Everything from the line containing "Analizzatore Acqua Digitale" through the end of the data below should be copied exactly, with no other lines.
Segment Open
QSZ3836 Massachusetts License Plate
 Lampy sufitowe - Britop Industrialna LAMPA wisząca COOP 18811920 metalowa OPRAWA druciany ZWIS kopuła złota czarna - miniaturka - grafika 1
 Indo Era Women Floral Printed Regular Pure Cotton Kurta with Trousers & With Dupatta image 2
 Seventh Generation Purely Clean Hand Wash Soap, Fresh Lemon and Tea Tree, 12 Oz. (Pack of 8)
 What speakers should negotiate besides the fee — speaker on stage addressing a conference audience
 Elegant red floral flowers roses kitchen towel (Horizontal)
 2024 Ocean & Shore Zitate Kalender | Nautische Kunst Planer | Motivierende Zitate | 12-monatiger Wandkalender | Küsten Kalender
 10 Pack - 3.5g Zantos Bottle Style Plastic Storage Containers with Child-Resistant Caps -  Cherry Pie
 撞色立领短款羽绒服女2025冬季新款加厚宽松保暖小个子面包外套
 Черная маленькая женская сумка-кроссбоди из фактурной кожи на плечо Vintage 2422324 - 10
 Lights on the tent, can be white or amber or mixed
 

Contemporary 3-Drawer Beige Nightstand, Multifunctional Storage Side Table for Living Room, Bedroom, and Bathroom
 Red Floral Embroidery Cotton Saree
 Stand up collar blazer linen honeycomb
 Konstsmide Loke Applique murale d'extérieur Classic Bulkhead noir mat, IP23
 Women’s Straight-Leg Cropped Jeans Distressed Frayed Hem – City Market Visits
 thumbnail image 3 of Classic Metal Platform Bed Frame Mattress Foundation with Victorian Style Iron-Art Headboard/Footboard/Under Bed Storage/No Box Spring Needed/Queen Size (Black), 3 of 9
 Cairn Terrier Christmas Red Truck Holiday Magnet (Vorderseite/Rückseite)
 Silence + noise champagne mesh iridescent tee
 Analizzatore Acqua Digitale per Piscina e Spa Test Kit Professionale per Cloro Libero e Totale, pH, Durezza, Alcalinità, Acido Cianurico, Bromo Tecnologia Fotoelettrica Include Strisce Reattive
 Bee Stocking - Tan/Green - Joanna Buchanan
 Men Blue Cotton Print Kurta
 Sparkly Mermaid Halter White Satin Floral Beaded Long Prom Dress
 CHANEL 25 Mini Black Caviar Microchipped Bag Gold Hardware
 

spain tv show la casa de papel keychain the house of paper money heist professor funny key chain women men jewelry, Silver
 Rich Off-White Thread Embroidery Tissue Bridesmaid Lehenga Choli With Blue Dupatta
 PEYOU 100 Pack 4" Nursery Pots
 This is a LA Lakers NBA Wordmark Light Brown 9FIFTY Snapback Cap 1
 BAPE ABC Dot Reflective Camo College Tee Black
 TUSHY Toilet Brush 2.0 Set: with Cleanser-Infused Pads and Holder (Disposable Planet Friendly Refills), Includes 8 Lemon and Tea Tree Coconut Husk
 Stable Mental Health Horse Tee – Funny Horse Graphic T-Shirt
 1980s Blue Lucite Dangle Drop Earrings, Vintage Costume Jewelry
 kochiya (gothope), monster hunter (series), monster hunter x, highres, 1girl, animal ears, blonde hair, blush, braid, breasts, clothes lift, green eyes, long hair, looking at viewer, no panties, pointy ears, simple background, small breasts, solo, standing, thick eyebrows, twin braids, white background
Segment Closed
WRITTEN ANSWER>
 Analizzatore Acqua Digitale per Piscina e Spa Test Kit Professionale per Cloro Libero e Totale, pH, Durezza, Alcalinità, Acido Cianurico, Bromo Tecnologia Fotoelettrica Include Strisce Reattive
 Bee Stocking - Tan/Green - Joanna Buchanan
 Men Blue Cotton Print Kurta
 Sparkly Mermaid Halter White Satin Floral Beaded Long Prom Dress
 CHANEL 25 Mini Black Caviar Microchipped Bag Gold Hardware
 

spain tv show la casa de papel keychain the house of paper money heist professor funny key chain women men jewelry, Silver
 Rich Off-White Thread Embroidery Tissue Bridesmaid Lehenga Choli With Blue Dupatta
 PEYOU 100 Pack 4" Nursery Pots
 This is a LA Lakers NBA Wordmark Light Brown 9FIFTY Snapback Cap 1
 BAPE ABC Dot Reflective Camo College Tee Black
 TUSHY Toilet Brush 2.0 Set: with Cleanser-Infused Pads and Holder (Disposable Planet Friendly Refills), Includes 8 Lemon and Tea Tree Coconut Husk
 Stable Mental Health Horse Tee – Funny Horse Graphic T-Shirt
 1980s Blue Lucite Dangle Drop Earrings, Vintage Costume Jewelry
 kochiya (gothope), monster hunter (series), monster hunter x, highres, 1girl, animal ears, blonde hair, blush, braid, breasts, clothes lift, green eyes, long hair, looking at viewer, no panties, pointy ears, simple background, small breasts, solo, standing, thick eyebrows, twin braids, white background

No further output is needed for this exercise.